Increasing this to eight means that, in theory, the PS5 Pro GPU will be able to handle traversal processing much faster than before. It is not as simple as "the performance doubled because the number doubled", so it is at least possible. While there is no indication that AMD has moved these operations from the CU to a dedicated hardware unit (as Nvidia does with its GPUs), the traversal shader change tells us that the new GPU is an RDNA 3/4 hybrid rather than a pure RDNA 3.

It is unlikely to be a full RDNA 4 design since it does not have an Infinity Cache, but if all the numbers are to be believed, it is closer to RDNA 4 than 3. The PS5 Pro chip is said to reach 300 TOPS in INT8 mode and 67 TFLOPS in FP16 mode It is reported that the chip can reach 300 TOPS in INT8 mode and 67 TFLOPS in FP16 mode. [For example, the Radeon RX 7800 XT with RDNA 3 is capable of 512 INT8/FP16 operations per clock per CU on the AI accelerator, which means peaks of 75 TOPS and 75 TFLOPS, respectively.
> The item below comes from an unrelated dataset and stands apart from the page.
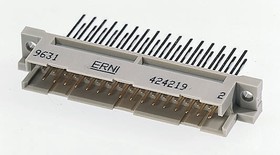 284.325, 48 Way 2.54mm Pitch, Type R/2 Class C2, 3 Row, Right Angle DIN 41612 Connector, Socket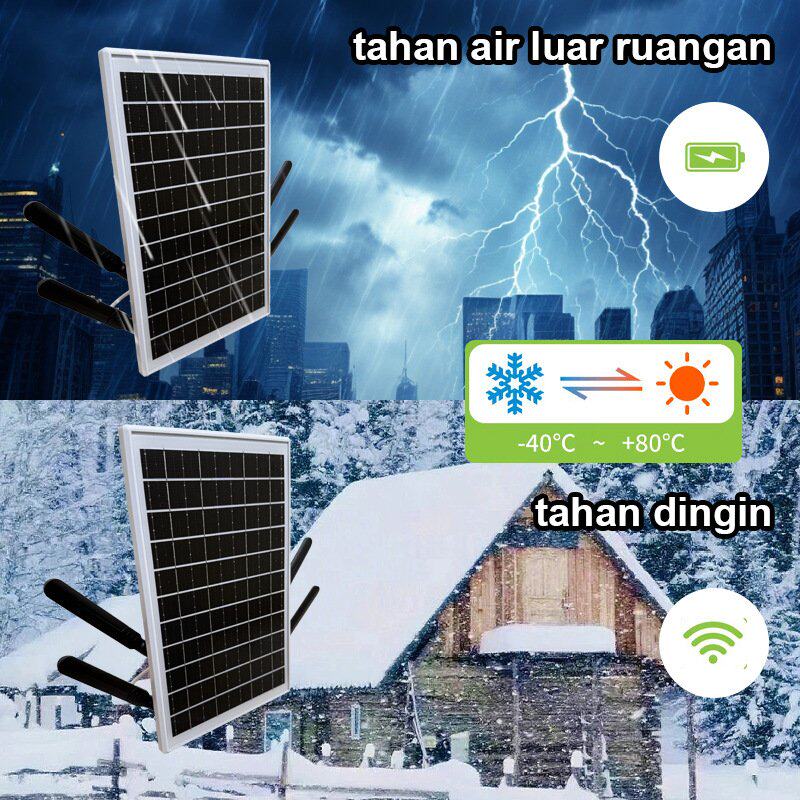 太阳能4G无线路由器,支持SIM卡,25600mAh电池,防水户外设备WIFI6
For comparison, the peak INT8 throughput of Nvidia's GeForce RTX 3090 Ti's Tensor core is 320 TOPS.

What use would all of that be for AI, whether in upscaling or other tasks where machine learning can be applied?

At this stage, it is all ifs and buts, and there is absolutely no guarantee that this is true. However, machine learning and ray tracing performance have been RDNA's Achilles heel in the past, so it makes a lot of sense for AMD to significantly improve them in RDNA 4, given how important machine learning workloads are these days.

With a perfectly good PS5 already in use at my house and numerous gaming PCs, I doubt I'll be buying a PlayStation 5 Pro when it comes out, but from a tech writer's perspective, it looks pretty promising.

But from a GPU enthusiast's perspective, RDNA 4 looks very interesting: But from a GPU enthusiast's perspective, RDNA 4 looks very interesting. It may not top the performance charts, but it looks to have all the features you want.